Last but not least, as DA may involve creation of Data Marts, further optimization challenges could be anticipated. Data Marts are subsets of the data warehouses that focus on specific aspects of the data. In other words, they are condensed and more focused than the complete data warehouses. Therefore, the DA process may involve creation of multiple Data Marts with each of the Data Marts requiring a separate range of optimization processes. I can recall several instances where instead of a single team overseeing the entire DA process from start to finish, the Data Marts were managed by various teams throughout the enterprise. That required further consolidation of the findings and greater collaboration throughout the optimization processes. If not for the Agile (aka collaborative) approaches, the DA process optimization would be mission impossible.

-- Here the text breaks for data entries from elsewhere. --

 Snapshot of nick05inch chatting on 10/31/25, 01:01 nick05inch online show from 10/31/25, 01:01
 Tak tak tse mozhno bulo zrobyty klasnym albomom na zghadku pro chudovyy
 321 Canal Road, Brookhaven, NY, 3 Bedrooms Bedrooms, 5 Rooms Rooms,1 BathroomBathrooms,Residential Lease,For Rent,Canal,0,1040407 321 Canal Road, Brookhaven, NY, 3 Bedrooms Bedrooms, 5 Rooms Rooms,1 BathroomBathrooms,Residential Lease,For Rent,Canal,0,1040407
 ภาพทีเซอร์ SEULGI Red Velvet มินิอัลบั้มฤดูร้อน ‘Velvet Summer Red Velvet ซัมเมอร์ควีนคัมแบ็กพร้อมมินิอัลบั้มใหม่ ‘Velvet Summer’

With the Real Time DA, we are aiming to not only identify the current situation but also look into the future developments. When drilling-down the data, we need to establish sufficient trends to model the possible scenarios as well as relative probability of those scenarios. In a dynamic environment, multiple trends (at times, even including conflicting ones) could be anticipated. The role of the DA is to establish those trends accurately.

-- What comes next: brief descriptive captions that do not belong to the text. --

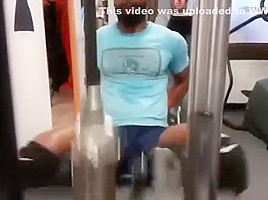 exibindo pau durante exercicio na academia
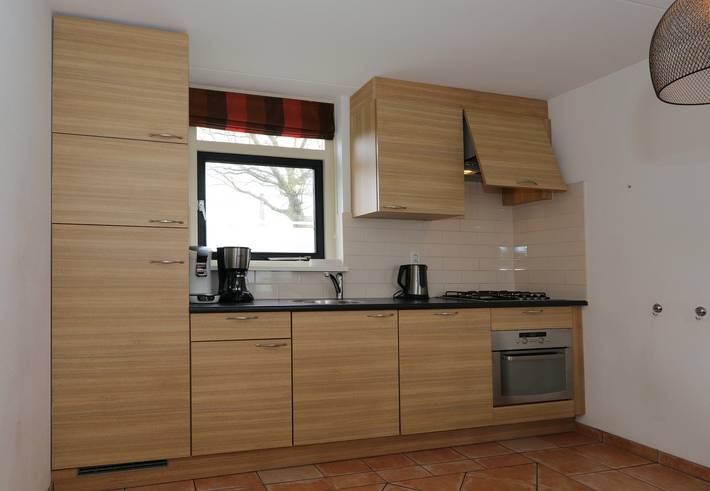 Bungalow für 6 Personen, mit Balkon/Terrasse und Terrasse sowie Garten und Pool in Medemblik - 3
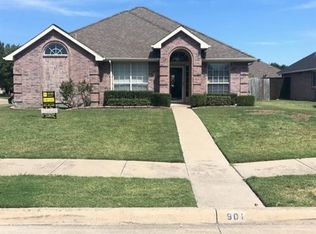 901 Concord St, Forney, TX 75126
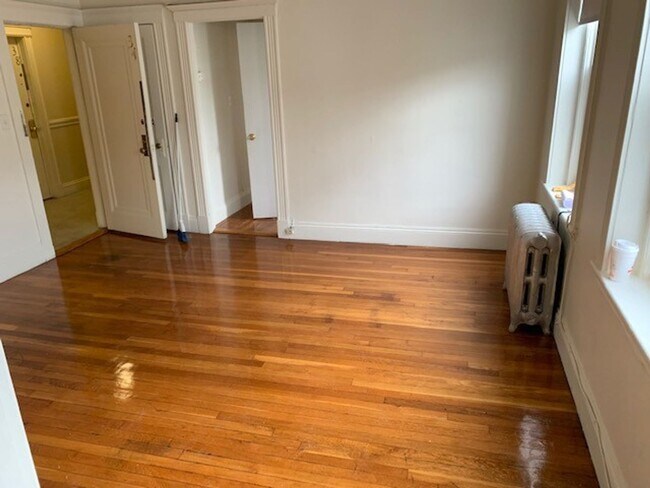 Foto del edificio - 9/1 No Fee! Spacious, modern 1BR in Fenway...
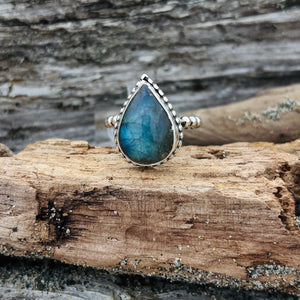 “RAIN DROP DOTS”~Labradorite Sterling Silver Cocktail Ring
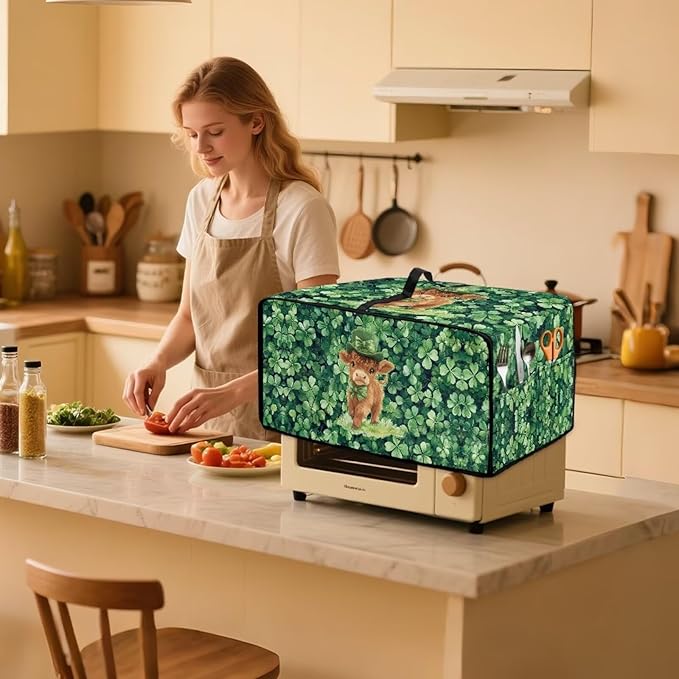 Highland Cow Four Leaf Clover Print Toaster Oven Cover Microwave Cover for Kitchen Countertop Appliance Dust Protector Decorative Oven Accessories for St. Patrick's Day Decor, Green, M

The Real Time data is ‘’hot out of the stove’’ but it is not always sufficient for pinpointing the trends as many of these trends can only be identified correctly through studies of longitudinal data. This would entail combining the Real Time data with the Historic data and balancing within the two data types accordingly. If the historic data is to brought into the DA for the purpose of the trends identification, the project will have to incorporate a number of additional dimensions such as for instance: historic data ‘’cut-off’’ dates, additional formatting and source verification.
Seasonality of data refers to the data experiencing regular and predictable changes. Any predictable fluctuations that occur over a distinct time period (e.g. winter) could be referred to as seasonable but with the Real Time data, it is not always easy to establish ‘’Seasons’’ Furthermore, the Real Time data sets may be covering time frames that are not matching (e.g. shorter) the entire seasons.
Longitudinal studies incorporate seasonality as one of the dimensions but with stand-alone sets of the Real Time data, it is sometimes difficult to establish whether a particular phenomena is within the data character, out of character …or simply a seasonal factor. The shorter the data life cycle is, the harder it is for the DA teams to address the data seasonality!
To sum up, it should be emphasized once again that this paper has not been put together with the aim of discouraging the Real-Time DA. Overall, Real-Time approach is definitely far more dynamic and responsive to the fast-paced environment we are currently operating within. However, the more complex the DA gets, the more diligent the Data Analysts need to be when executing the analytics processes. It shows once again that the DA is NOT about the tools used but it is about the PEOPLE who are using the tools!